This repository contains a "cleaned" version of the contents of the nLab (as of c. December 2020), with the intention of being used as a training corpus for various machine learning projects. The cleaning process simply strips out any non-textual elements (such as bullet points) and converts the LaTeX mathematics into unicode, wherever possible.
nlab_plain_normalized.txt
is the concatenation of all the pages into one large text file.nlab_plain.json
has the same content as the plaintext file, but is organised into key-value pairs, with the key being the title of the page, and the value being its contents.nlab_stats.json
contains some basic statistics about the corpus, generated by spaCy.
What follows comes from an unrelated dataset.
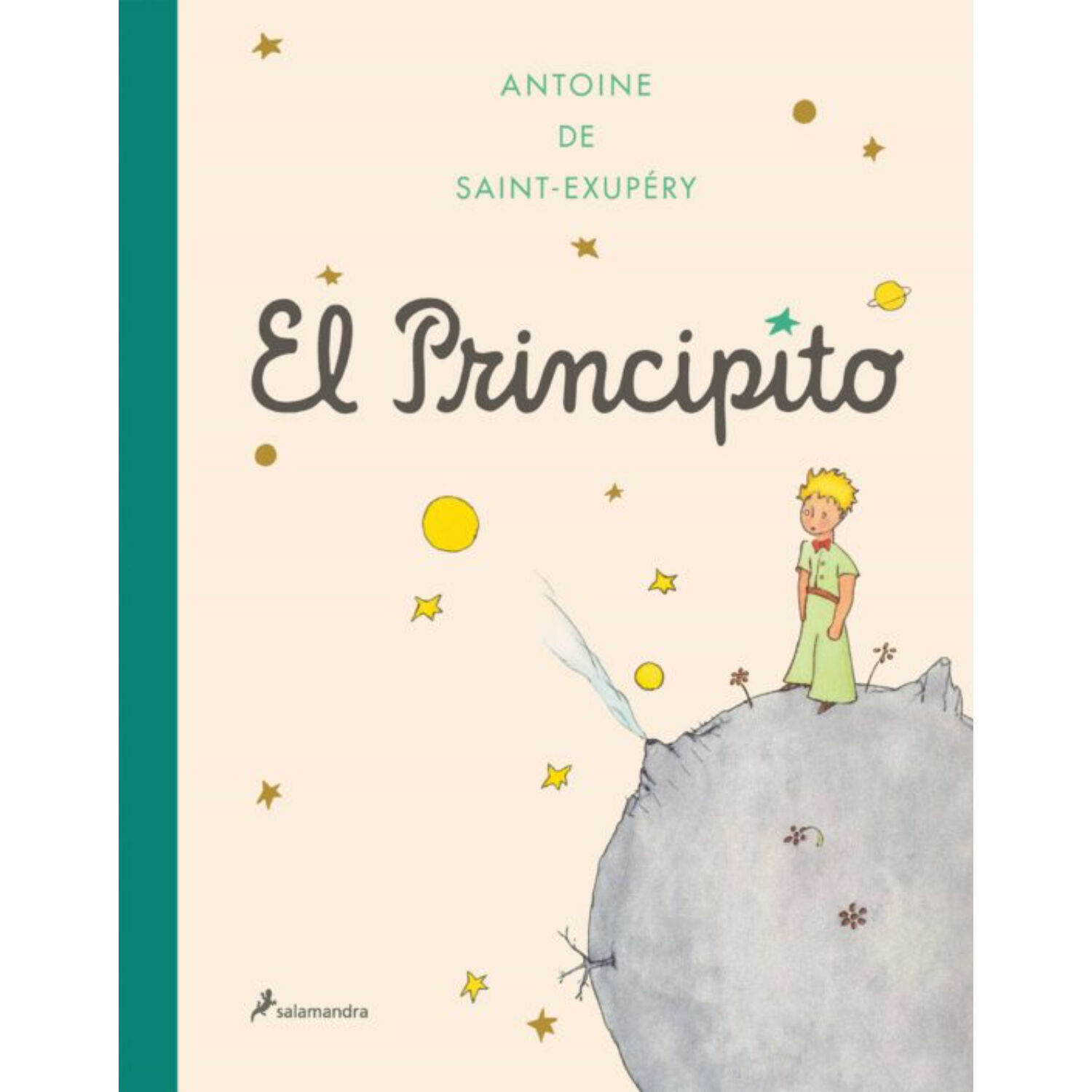 Principito Lujo Gran Formato image number 0.0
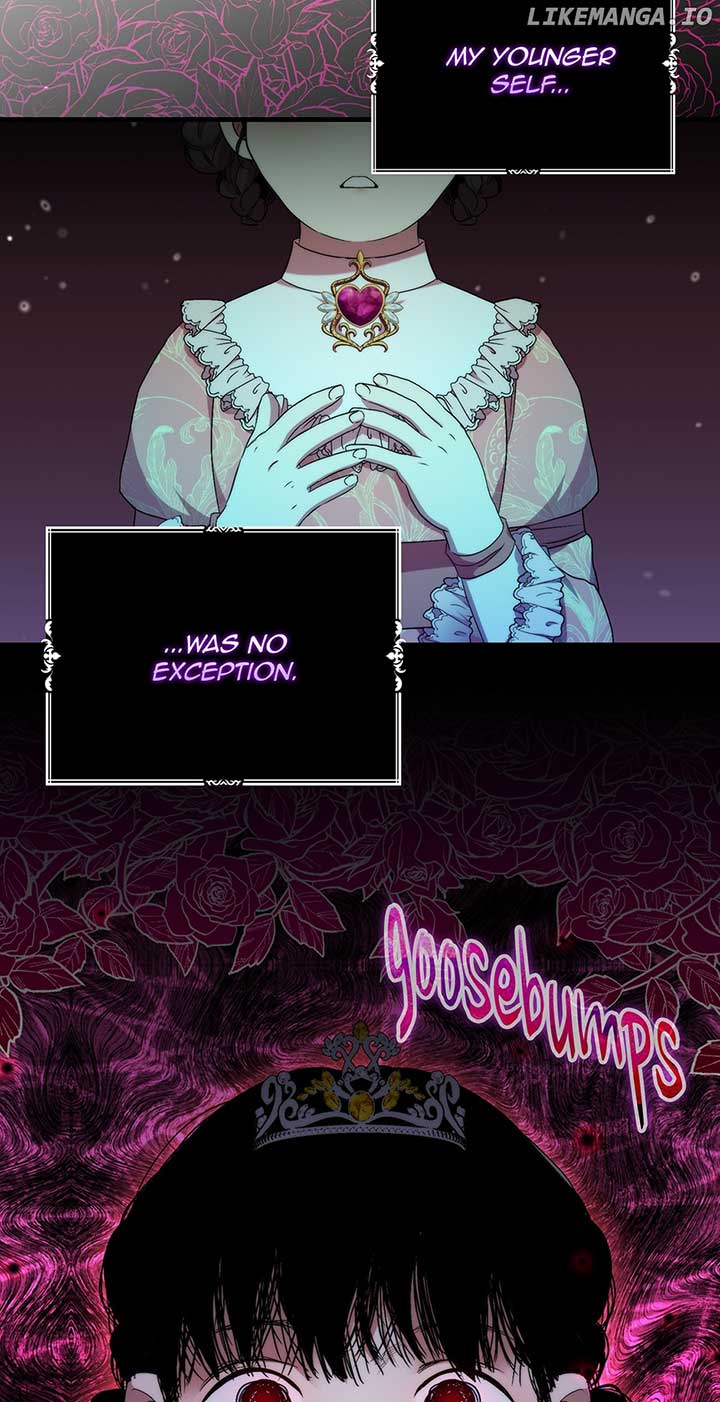 The Hero Went Crazy Even Though I’m the One Who Died Chapter 29 205 09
A work-in-progress ontology of categorical concepts, extracted using Collard et al root- and rule-based method, can be explored at http://18.222.108.184:8080/. Note that the site may occasionally be down for updates and maintenance.
For licencing information, see the nLab licence.
There are two types of part-of-speech tags in the corpus statistics, both
generated by spaCy. The first tagset, labeled "pos" in nlab_stats.json
,
represents course-grained part of speech and is taken from the
Universal POS tag set. The
second tagset, "tag", is specific to spaCy's pretrained English model.
Details about the different tagsets, as well as other label schemes for this model, can be found on spaCy's website.